* [WHAT YOU WILL DO]
Output the listing below in full, exactly as written.

* [SOURCE MATERIAL]
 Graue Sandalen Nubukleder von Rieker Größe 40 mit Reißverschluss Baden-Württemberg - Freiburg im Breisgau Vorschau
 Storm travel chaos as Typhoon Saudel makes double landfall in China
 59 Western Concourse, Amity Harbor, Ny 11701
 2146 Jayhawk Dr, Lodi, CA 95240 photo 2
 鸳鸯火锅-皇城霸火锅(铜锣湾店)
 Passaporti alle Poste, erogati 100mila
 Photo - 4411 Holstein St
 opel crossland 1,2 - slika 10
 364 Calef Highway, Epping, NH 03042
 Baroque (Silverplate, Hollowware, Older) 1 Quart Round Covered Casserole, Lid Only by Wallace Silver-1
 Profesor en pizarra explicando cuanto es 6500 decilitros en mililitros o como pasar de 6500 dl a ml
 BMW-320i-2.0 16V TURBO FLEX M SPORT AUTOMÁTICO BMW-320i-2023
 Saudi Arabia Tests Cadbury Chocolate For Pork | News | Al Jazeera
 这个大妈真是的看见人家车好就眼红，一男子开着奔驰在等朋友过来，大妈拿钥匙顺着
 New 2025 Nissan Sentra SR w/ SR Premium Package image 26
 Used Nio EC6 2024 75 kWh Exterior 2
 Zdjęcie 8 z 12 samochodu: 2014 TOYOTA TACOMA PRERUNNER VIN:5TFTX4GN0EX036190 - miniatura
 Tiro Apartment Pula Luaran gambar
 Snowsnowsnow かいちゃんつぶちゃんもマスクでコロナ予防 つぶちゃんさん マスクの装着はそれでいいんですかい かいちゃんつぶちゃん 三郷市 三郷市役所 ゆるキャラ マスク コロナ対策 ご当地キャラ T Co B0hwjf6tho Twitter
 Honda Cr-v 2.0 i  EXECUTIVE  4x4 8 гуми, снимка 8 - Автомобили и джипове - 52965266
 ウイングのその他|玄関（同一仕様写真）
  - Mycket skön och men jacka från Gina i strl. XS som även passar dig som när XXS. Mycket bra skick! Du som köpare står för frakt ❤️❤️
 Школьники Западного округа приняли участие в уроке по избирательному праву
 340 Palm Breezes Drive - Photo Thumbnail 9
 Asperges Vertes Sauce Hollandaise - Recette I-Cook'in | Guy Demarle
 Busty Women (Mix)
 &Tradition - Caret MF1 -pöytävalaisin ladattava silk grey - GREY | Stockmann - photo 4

* [SOLUTION TO THIS TASK]
 Graue Sandalen Nubukleder von Rieker Größe 40 mit Reißverschluss Baden-Württemberg - Freiburg im Breisgau Vorschau
 Storm travel chaos as Typhoon Saudel makes double landfall in China
 59 Western Concourse, Amity Harbor, Ny 11701
 2146 Jayhawk Dr, Lodi, CA 95240 photo 2
 鸳鸯火锅-皇城霸火锅(铜锣湾店)
 Passaporti alle Poste, erogati 100mila
 Photo - 4411 Holstein St
 opel crossland 1,2 - slika 10
 364 Calef Highway, Epping, NH 03042
 Baroque (Silverplate, Hollowware, Older) 1 Quart Round Covered Casserole, Lid Only by Wallace Silver-1
 Profesor en pizarra explicando cuanto es 6500 decilitros en mililitros o como pasar de 6500 dl a ml
 BMW-320i-2.0 16V TURBO FLEX M SPORT AUTOMÁTICO BMW-320i-2023
 Saudi Arabia Tests Cadbury Chocolate For Pork | News | Al Jazeera
 这个大妈真是的看见人家车好就眼红，一男子开着奔驰在等朋友过来，大妈拿钥匙顺着
 New 2025 Nissan Sentra SR w/ SR Premium Package image 26
 Used Nio EC6 2024 75 kWh Exterior 2
 Zdjęcie 8 z 12 samochodu: 2014 TOYOTA TACOMA PRERUNNER VIN:5TFTX4GN0EX036190 - miniatura
 Tiro Apartment Pula Luaran gambar
 Snowsnowsnow かいちゃんつぶちゃんもマスクでコロナ予防 つぶちゃんさん マスクの装着はそれでいいんですかい かいちゃんつぶちゃん 三郷市 三郷市役所 ゆるキャラ マスク コロナ対策 ご当地キャラ T Co B0hwjf6tho Twitter
 Honda Cr-v 2.0 i  EXECUTIVE  4x4 8 гуми, снимка 8 - Автомобили и джипове - 52965266
 ウイングのその他|玄関（同一仕様写真）
  - Mycket skön och men jacka från Gina i strl. XS som även passar dig som när XXS. Mycket bra skick! Du som köpare står för frakt ❤️❤️
 Школьники Западного округа приняли участие в уроке по избирательному праву
 340 Palm Breezes Drive - Photo Thumbnail 9
 Asperges Vertes Sauce Hollandaise - Recette I-Cook'in | Guy Demarle
 Busty Women (Mix)
 &Tradition - Caret MF1 -pöytävalaisin ladattava silk grey - GREY | Stockmann - photo 4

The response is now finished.